Among the running shoe leaders, Hoka appears to be one of the November standouts cited by a few Wall Street analysts.
Also doing well, based on search volume, were On Running‘s largest franchise, its Cloud 6, as well as its Cloudrunner and Cloudmonster ahead of their early 2026 updates. And Nike’s run category continues to show signs of acceleration. The Nike brand topped the must-have brand list for teens this past fall, according to a Piper Sandler study.
Jefferies equity analysts track 154 running styles from Adidas, Asics, Columbia, Hoka, Nike, On, Puma, Saucony, Salomon and Under Armour on a monthly basis.
In its latest Running Style Rankings based on search volume, Hoka returned to the leaderboard in ninth spot after dropping out of the Top 10 in October. In Month-over-Month (MoM) Growth Rankings, the Adidas Ultrarun outpaced in November, leading with traffic growth of up 4,683 percent, followed by Under Armour’s Bandit at up 4,155 percent, and Asics Gel-Pulse at up 411 percent. Among the top 10 MoM demand growers, Hoka Rincon at 10,000, Nike Wildhorse at 8,000 and On Cloudvisa at 6,000 exhibited the strongest LTM (Last 12 Months) average monthly search volume, according to a report from analyst Randal Konik.
Among the LTM running style demand trends, Nike Pegasus kept the top spot with an average monthly search volume of 332,000, followed by Nike Vomero at 329,000 and Adidas Terrex at 243,000. Among the top 10 most in demand running styles over the last 12 months, Hoka’s Clifton led MoM growth at up 24 percent, followed by Nike Vomero at up 22 percent and the Hoka Bondi at up 14 percent. According to Jefferies data, Vomero has been closing the gap to Nike leader Pegasus.
Guggenheim Partners analyst Simeon Siegel said Tuesday that based on proprietary checks across the athletic and footwear space over the Black Friday and Cyber Monday period, the On and Hoka brands were ” standouts.”
For Hoka, based on Guggenheim’s “sell-out proxy report,” the brand saw a 550 basis point improvement from Nov. 11 through Dec. 12, with its two largest franchises seeing gains. The Clifton 10 was up 650 basis points and the Bondi 9 was up 450 basis points.
“We believe the brand also benefited from a 20 percent site-wide discount at Hoka.com during the Black Friday/Cyber Monday period,” Siegel said.
At On, the Guggenheim analyst estimated a 650 basis point improvement during the period across models it tracked, with the Cloud 6 up 600 basis points.
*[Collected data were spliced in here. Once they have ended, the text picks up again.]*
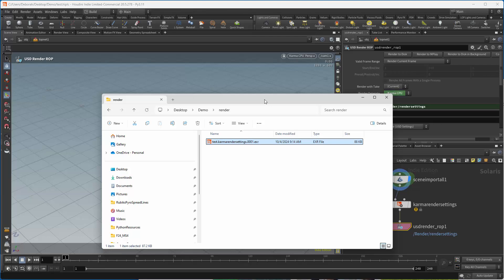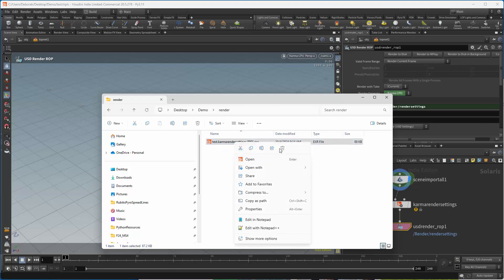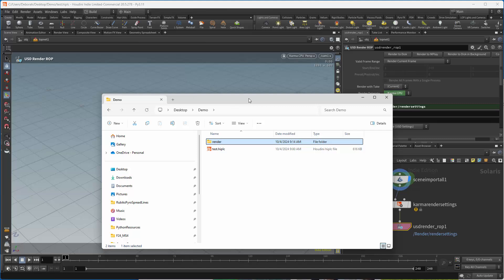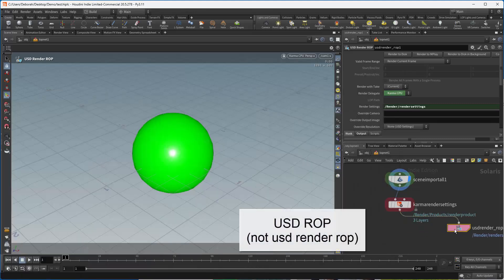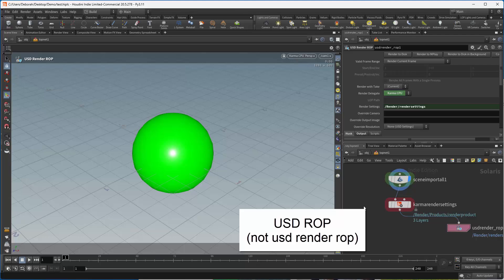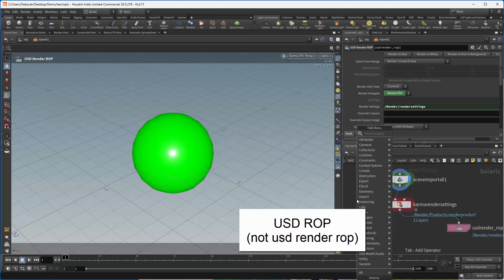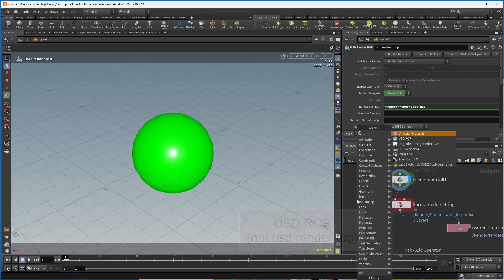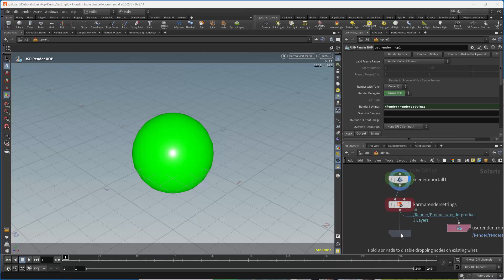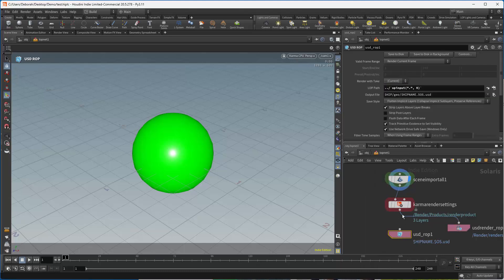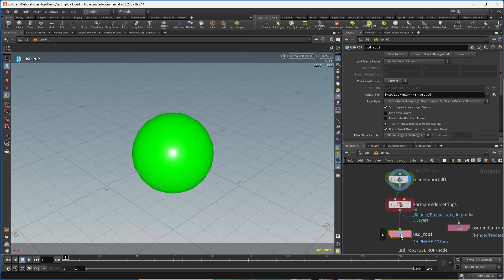So what we want to do next is use USDROP. In that case, I'm just going to get rid of this so that it's empty. We want to use a USDROP node so that we can do command line or we can do render farm, so we don't need a GUI. So let's do USDROP.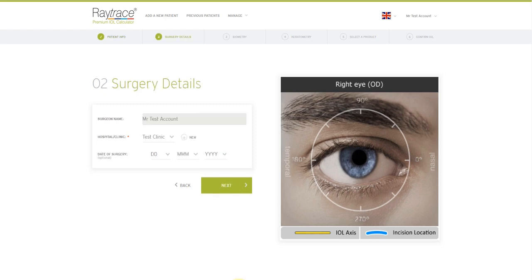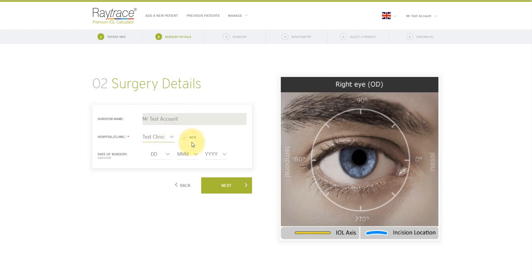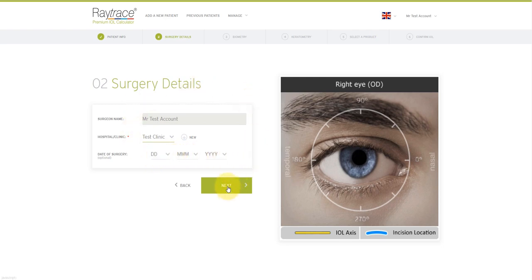Now you need to add surgery details. Surgeon name is pre-populated with your account. Select the hospital or your clinic from the dropdown. If it's not listed, just click new here and you can add details for that. Adding the surgery date is optional. It may help with your surgery planning. And then simply click next.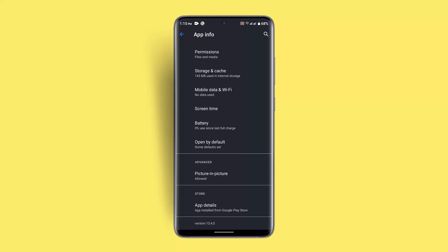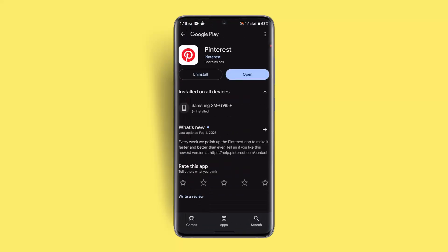After clearing the cache, make sure to enable the permissions as well. Then go to the section that says App Details and check whether the app needs to be updated or not. Sometimes an outdated version might also cause the issue, so make sure you have already updated the application — this should be able to solve your issue.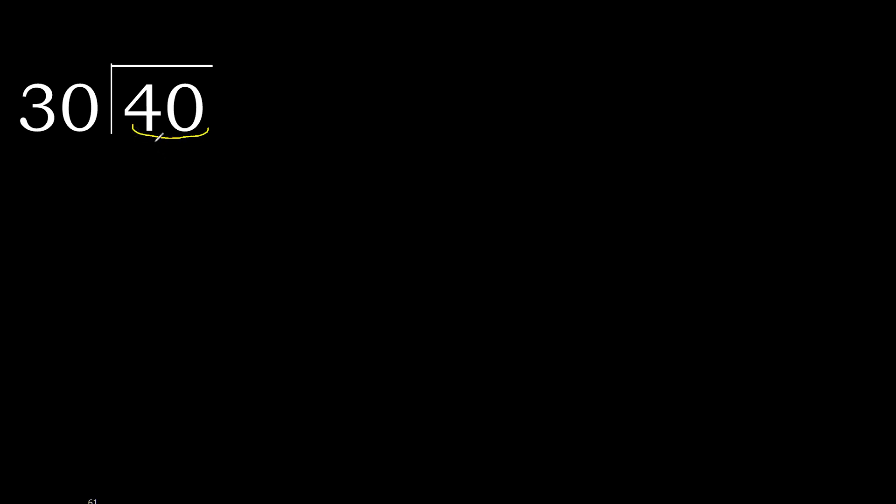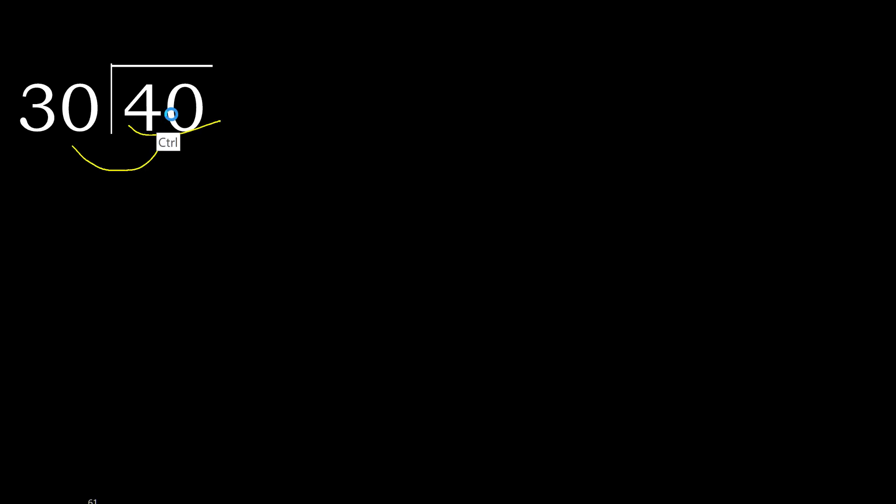40 divided by 30. 40 is less, therefore next. 40 is not less. Therefore, with 40, 30 multiplied by which number is nearest to 40?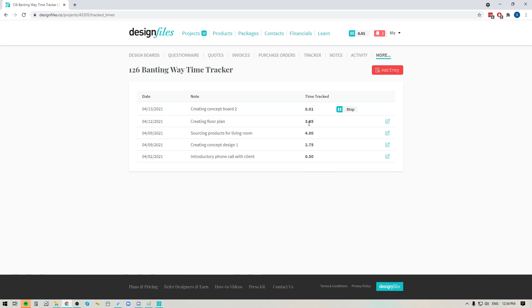Now, here you can see the time broken down as a decimal number. So if you see 2.75, that means you spent two hours and 45 minutes on this particular task.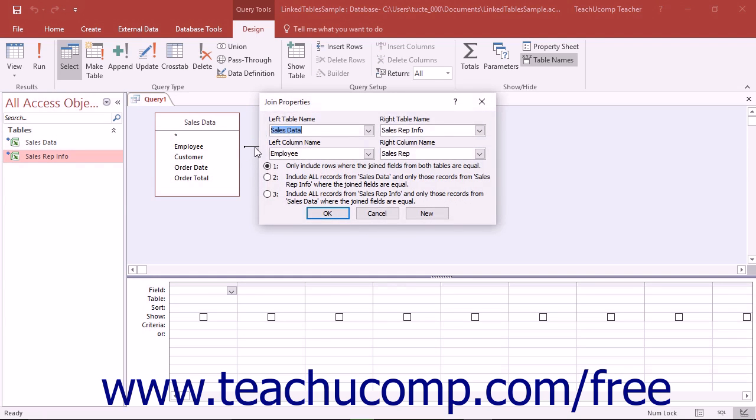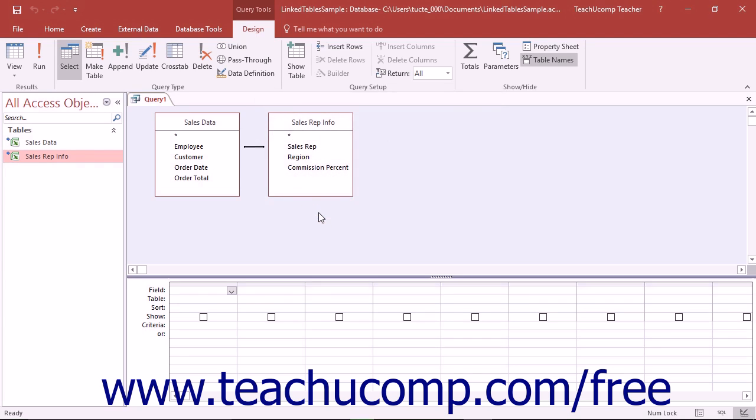The Join Properties dialog box will appear showing the name of the linked fields and the tables. Below that, select either option 1, 2, or 3 to determine how you want the result set to be displayed. When you have the desired settings, click the OK button.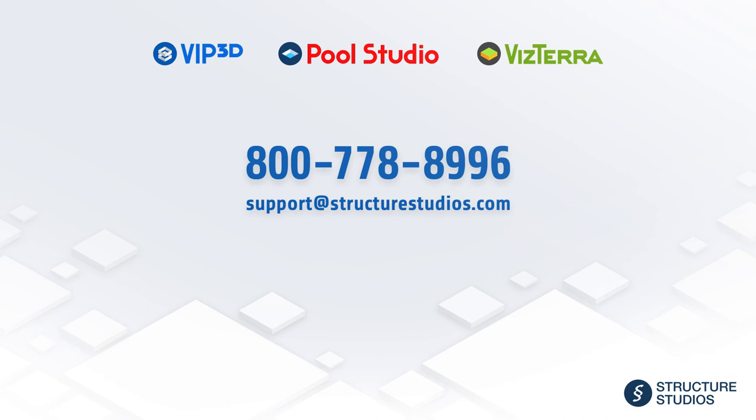Please let us know if you have any questions by calling 800-778-8996 or emailing support at structurestudios.com.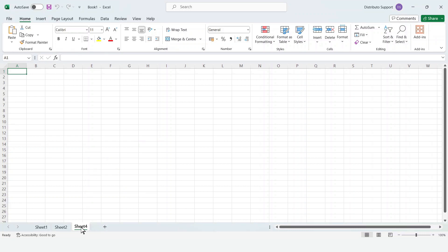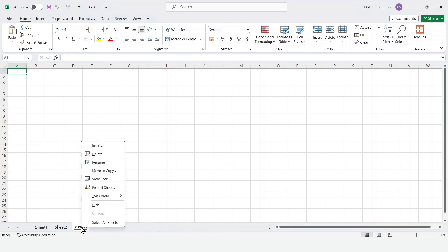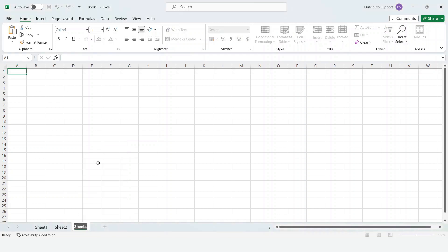To rename the sheet, right-click on your mouse. Click Rename and enter the name of the sheet. Click Enter.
The outgoing Cloudrunner 2 and Cloudmonster 2 franchises — both accounting for more than 5 percent of company sales — tracked up 650 basis points and up 700 basis points, respectively. The Cloudrunner 2 and Cloudmonster 2 are set to receive updates in the first quarter of 2026. Siegel said the Cloudrunner 2 and Cloudmonster 2 had 60 percent and 70 percent, respectively, of their sizes “sold-out across key U.S. retailers as of Dec. 12.” For the Cloud 6, the analyst said that style ended Dec. 12 with 38.5 percent of U.S. sizes sold out.
“We observed only light discounts for On with less than 10 percent of Cloud 6 colorways marked down across the key retailers we track,” Siegel said.
And at Nike Run, Siegel said the category improved by 380 basis points, below both On and Hoka, with strength across its Vomero franchises. The Vomero 18 — which Siegel described as Nike’s biggest response to Hoka — is estimated at up 450 basis points and the Vomero Plus at up 850 basis points, with both offsetting the projected normalization for its road-running Pegasus Premium, which was down 150 basis points. The analyst said all three “are showing signs of scaling, as our data suggests stable sell-out rates despite an increasing amount of colorways carried by key accounts.”
“We estimate that 15 percent to 20 percent of Vomero 18 colorways were marked down during the Black Friday/Cyber Monday weekend across Nike direct-to-consumer and key wholesale accounts we track,” Siegel said, adding that the mark downs include colorways eligible for an extra 30 percent off coupon at Nike.com.
Survey data from Circana notes that running footwear has risen in popularity because the comfort factor works just as well for athletic performance as it does for walking around on a daily basis.
In a recent survey of 1,000 consumers about their running preferences, Hoka and Brooks have been vying for the number one spot, while data points show that Nike and Adidas have shown signs of improvement in their respective turnaround strategies, with innovation fueling strong growth at both brands.